DATA RECORDS Start Marker
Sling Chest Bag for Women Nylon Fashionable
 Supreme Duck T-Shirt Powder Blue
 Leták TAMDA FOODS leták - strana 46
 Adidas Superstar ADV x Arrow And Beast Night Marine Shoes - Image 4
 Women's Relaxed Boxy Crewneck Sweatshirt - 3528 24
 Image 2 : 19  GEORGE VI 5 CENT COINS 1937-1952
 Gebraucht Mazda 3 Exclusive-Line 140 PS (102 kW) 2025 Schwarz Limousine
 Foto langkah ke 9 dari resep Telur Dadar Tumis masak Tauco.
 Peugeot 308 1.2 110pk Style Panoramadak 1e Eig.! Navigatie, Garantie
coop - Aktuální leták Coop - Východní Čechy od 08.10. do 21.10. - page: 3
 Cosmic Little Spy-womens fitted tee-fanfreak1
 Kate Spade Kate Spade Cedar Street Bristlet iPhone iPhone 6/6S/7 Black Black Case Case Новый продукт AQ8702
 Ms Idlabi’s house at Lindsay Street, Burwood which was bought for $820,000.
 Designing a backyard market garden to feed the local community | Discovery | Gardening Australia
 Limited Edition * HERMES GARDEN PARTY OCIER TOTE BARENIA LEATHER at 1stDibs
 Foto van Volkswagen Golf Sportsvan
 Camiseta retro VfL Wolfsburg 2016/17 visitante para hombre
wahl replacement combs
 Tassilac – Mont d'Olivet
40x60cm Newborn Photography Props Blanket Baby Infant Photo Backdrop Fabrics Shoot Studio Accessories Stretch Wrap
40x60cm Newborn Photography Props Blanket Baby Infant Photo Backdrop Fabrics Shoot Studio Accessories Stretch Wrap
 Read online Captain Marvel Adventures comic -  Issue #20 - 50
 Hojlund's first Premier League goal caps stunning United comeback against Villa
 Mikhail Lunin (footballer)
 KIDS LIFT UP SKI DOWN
DATA RECORDS End Marker
## WHAT YOU SHOULD DO
Note which lines carry the word "Image" in the material, then copy each of them.

## EXERCISE OUTPUT
 Adidas Superstar ADV x Arrow And Beast Night Marine Shoes - Image 4
 Image 2 : 19  GEORGE VI 5 CENT COINS 1937-1952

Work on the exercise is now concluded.